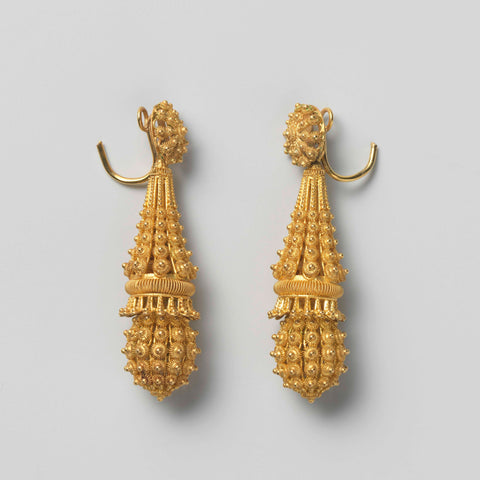 Pair of earrings, Guillaume Louis Ploem, c. 1824 - c. 1838 Canvas Print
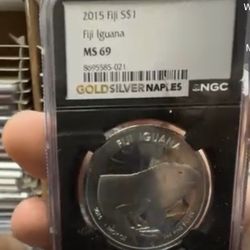 1 Oz Silver Fiji Iguana Ms 69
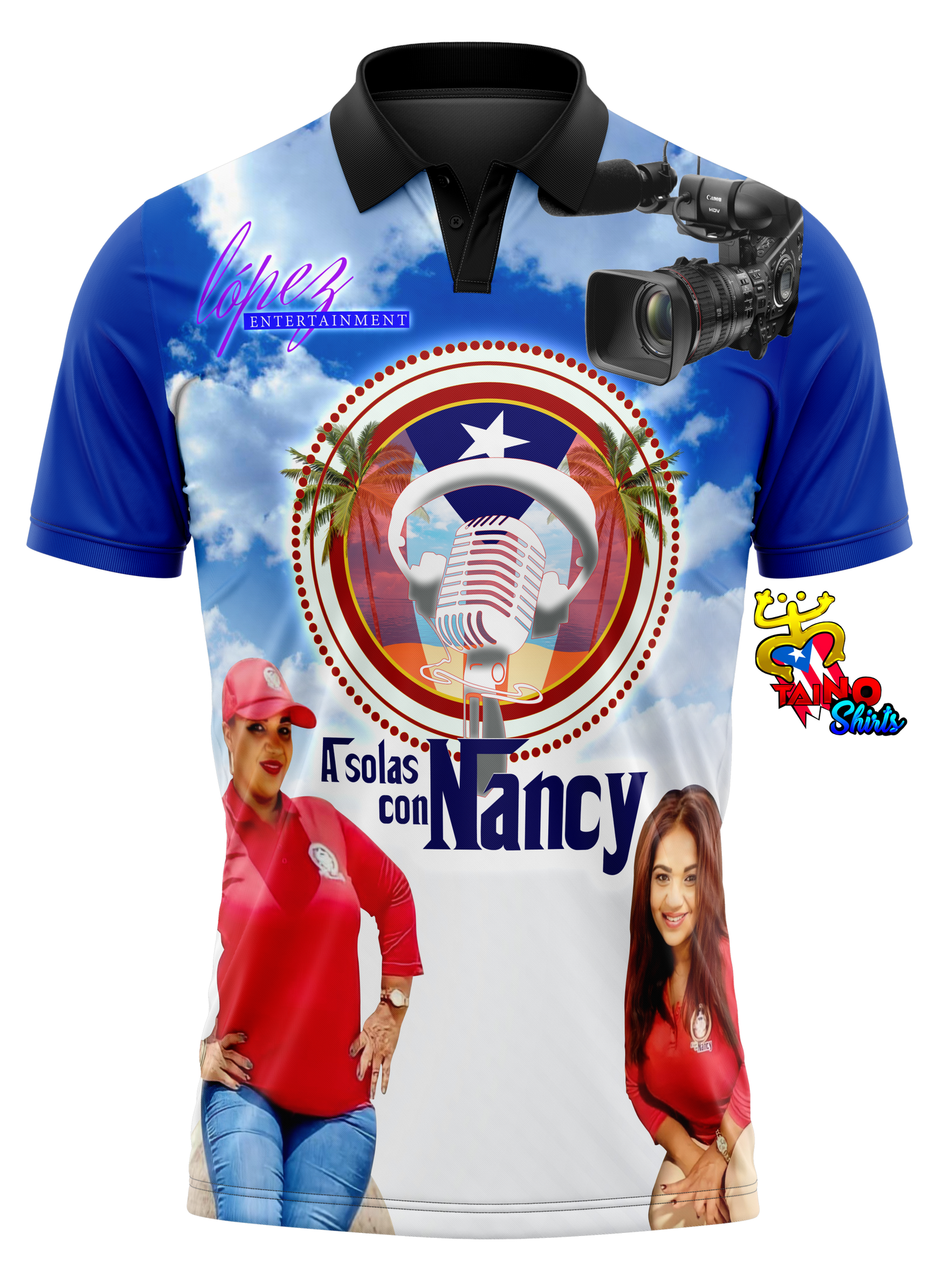 A polo shirt with a design featuring a female voiceover artist, with a background of palm trees and a camera graphic, indicating a connection to media or broadcasting events.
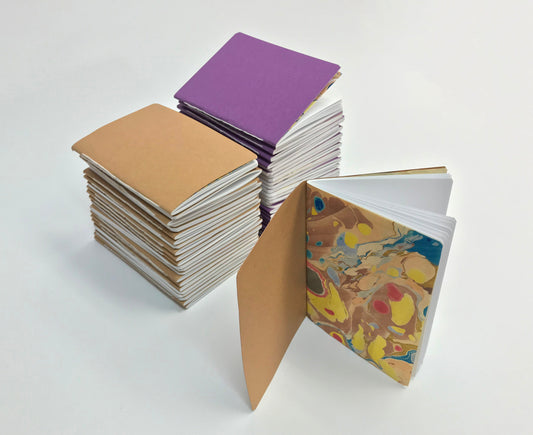 3.5''x5'' Kraft/ White/ Whipped Berry Handmade Notebooks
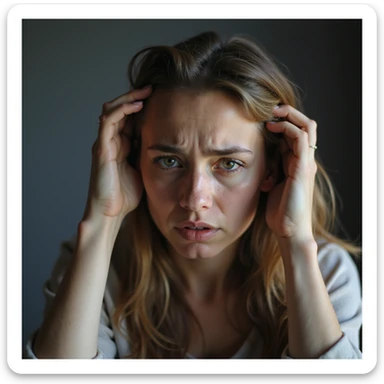 woman with hands in hair, stressed and nervous expression, hyperrealism 4K, variation 6 sticker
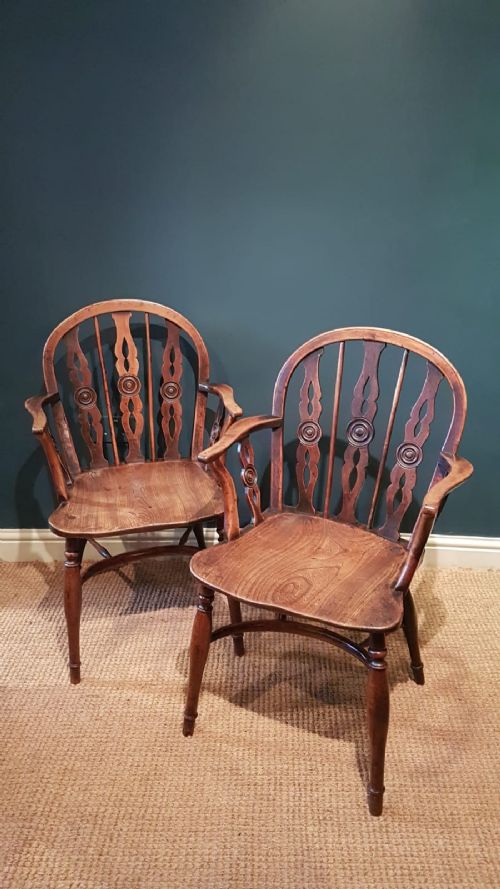 Matching Pair of George III Period Prior Windsor Chairs
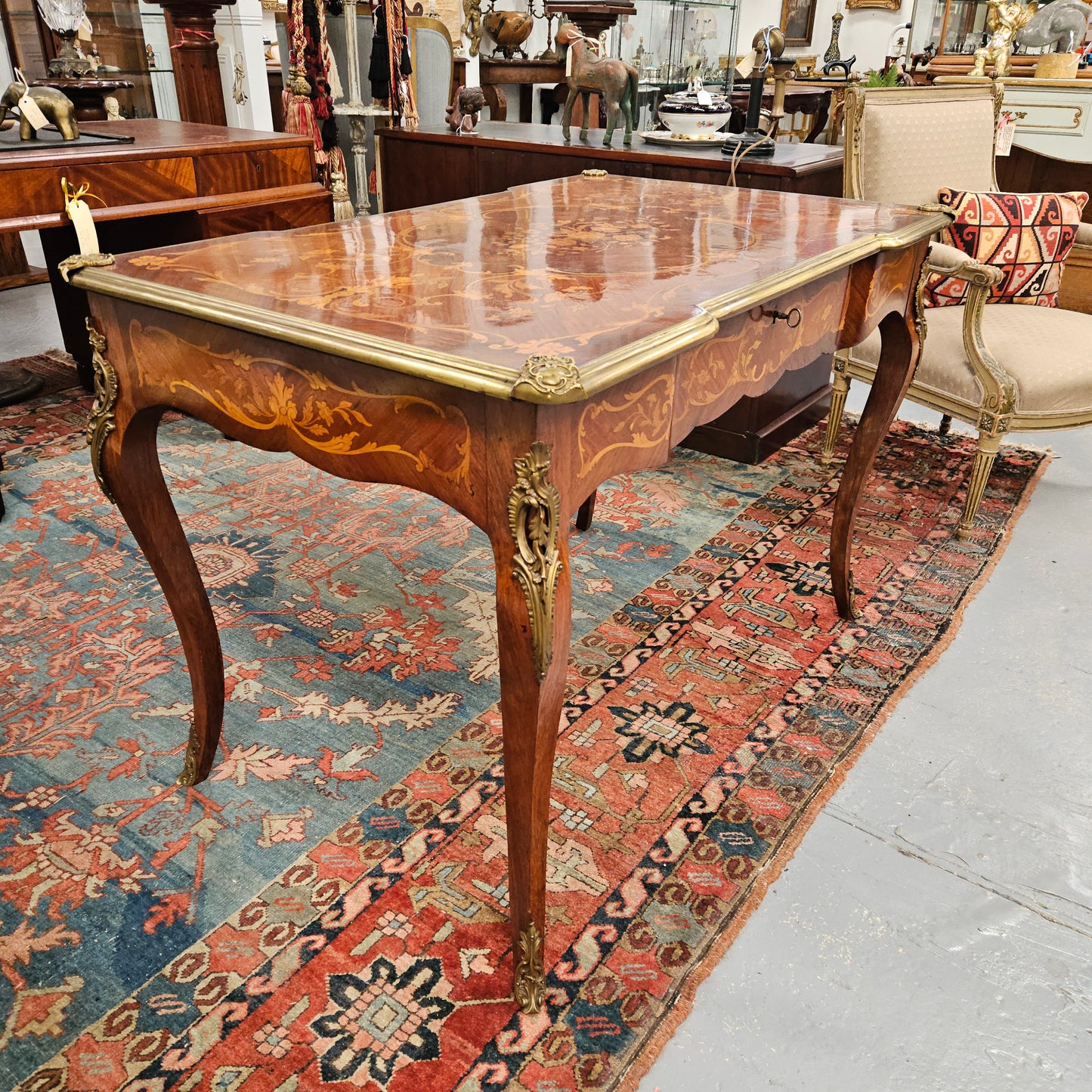 Rosewood Louis 15th Style Marquetry Inlaid Bureau Plat Desk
====================
> **PROBLEM REQUIREMENTS**: Could the data above be returned in full, exactly, with every image left out?

> **SOLUTION FOR THIS PROBLEM**:
 Pair of earrings, Guillaume Louis Ploem, c. 1824 - c. 1838 Canvas Print
 1 Oz Silver Fiji Iguana Ms 69
 A polo shirt with a design featuring a female voiceover artist, with a background of palm trees and a camera graphic, indicating a connection to media or broadcasting events.
 3.5''x5'' Kraft/ White/ Whipped Berry Handmade Notebooks
 woman with hands in hair, stressed and nervous expression, hyperrealism 4K, variation 6 sticker
 Matching Pair of George III Period Prior Windsor Chairs
 Rosewood Louis 15th Style Marquetry Inlaid Bureau Plat Desk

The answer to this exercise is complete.